Oh What a Lovely Crisis

by Gary Tedman

Today there is a problem, a spectre isn't haunting Europe, instead a vacuum has enveloped it. This vacuum is the absence of leadership in the face of the worst world capitalist crisis in economics since the last worst world capitalist crisis in economics. Our politicians seem unable to respond to it with anything but well worn phrases and old excuses. Fat cat capitalists (Goodwin, AIG executives) make off with huge bonuses for taking their institutions into the most colossal debts in corporate history, while politicians who can put 'enemy combatants' into an offshore prison and torture them with impunity, claim they are powerless to stop these businessmen 'for legal reasons' stuffing their filched taxpayers wealth offshore (as they are wont to do).

Things don't add up even superficially anymore, and it is becoming obvious to the masses with each passing minute that they don't, but the politicians still repeat the same platitudes as solutions: they will have new regulations (but tomorrow), they will tightly control (but at arms length), they will stimulate fiscally (but only the rich who don't need it), they will get lending going again (even while they blame debt for the problem), they will… etc, etc.

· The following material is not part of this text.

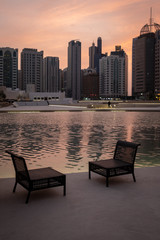 evening view of Empty chairs near water pool agianst abu dhabi city scpae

We now live 'in interesting times', and it is indeed a curse if this is anything to go by. And yet it also seems, in these times, to be a strange fact that even the ruling class don't understand why there isn't more protest, why the obvious anger hasn't turned out onto the streets as an, at least cathartic, outburst of anguish, they are a little mystified, pensive, subdued.

But the people want a real solution and they can see there is nobody to turn to, so homogeneous and bland has the political landscape become in modern advanced capitalist societies that authentic opposition is invisible, and especially so to its press, which has got into the habit of turning a blind eye to protest and real political innovation so much that it no longer knows how to 'write it up'.

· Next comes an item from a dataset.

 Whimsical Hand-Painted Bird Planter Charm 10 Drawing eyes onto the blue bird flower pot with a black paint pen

Latterly they are trying, because they have to, for there have indeed been some real protests that have led to changes of government, Iceland and Latvia for instance, but they cannot help but express their own incredulity that they do in fact need to cover such events. Though even these events have been characterized by a lack of conviction in the solutions they have proposed or that have been offered to them. The people sense they are not real solutions, just stop-gaps and the prolonging of an illusion that governments know what they are doing.

They do not know. These governments and administrations have prided themselves for a long history on not knowing about how the economy actually works and on not 'commanding' it. The 'command economies' are always bad, the 'free' economies are always good, they have always said. Now the 'free' economies have gone bad it is still the fault of the 'command' economies, whose acolytes have conspired to cause the demise of this great free system by interfering in its freedom with stupid and unnecessary rules and regulations, and they look back all misty eyed at a time when the free market was truly free, which never existed because a market is, of course, a system of regulations; yet they persist with the myth for reasons of their own sanity, which is in effect their own necessary insanity: the cause of the global problem must be anything but the untrammelled profit motive, why? because they are this motive personified, or at least its visible expression. Their fundamental idea of a 'free market' is being able to take by violence, the rules are meant for the victims.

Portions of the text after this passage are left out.